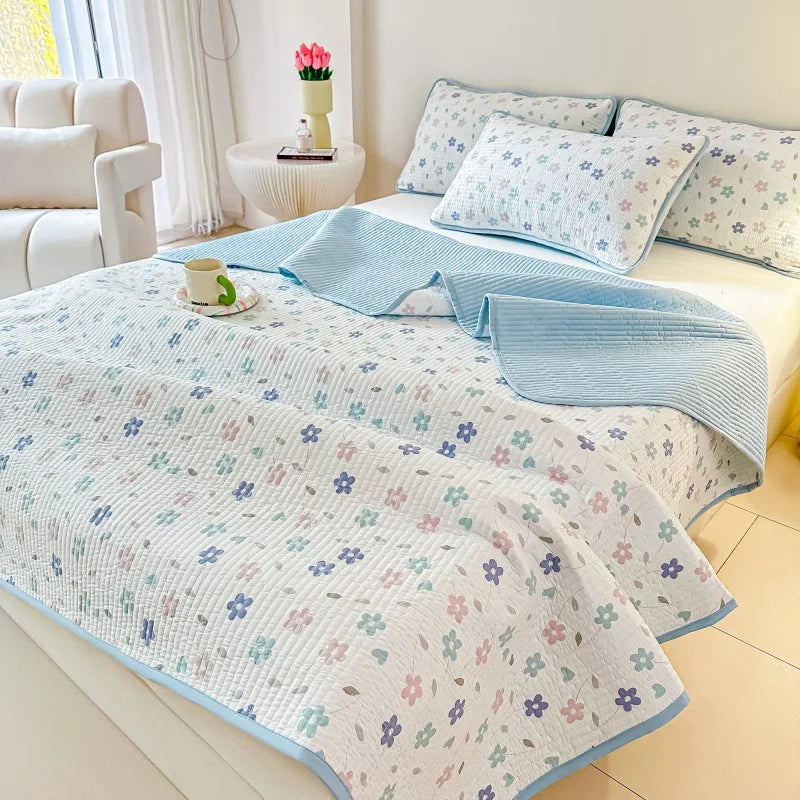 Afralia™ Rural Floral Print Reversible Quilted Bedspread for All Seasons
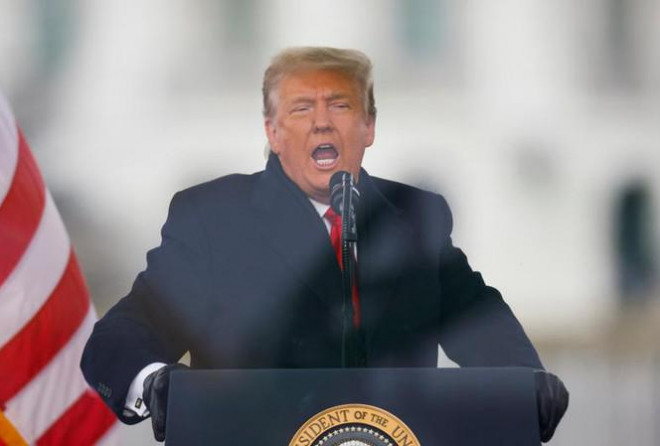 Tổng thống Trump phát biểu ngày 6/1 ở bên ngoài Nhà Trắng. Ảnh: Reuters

===

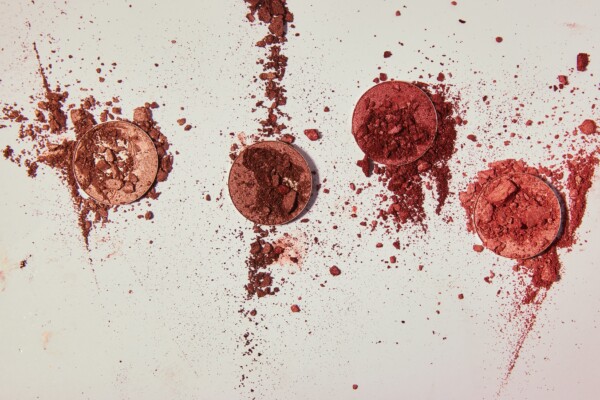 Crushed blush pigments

===

## DIRECTIONS
Starting at the line containing "Afralia™ Rural Floral" and stopping at the line containing "Tổng thống Trump", output each line exactly as it appears above. Leave out the pictures.

## RESPONSE
 Afralia™ Rural Floral Print Reversible Quilted Bedspread for All Seasons
 Tổng thống Trump phát biểu ngày 6/1 ở bên ngoài Nhà Trắng. Ảnh: Reuters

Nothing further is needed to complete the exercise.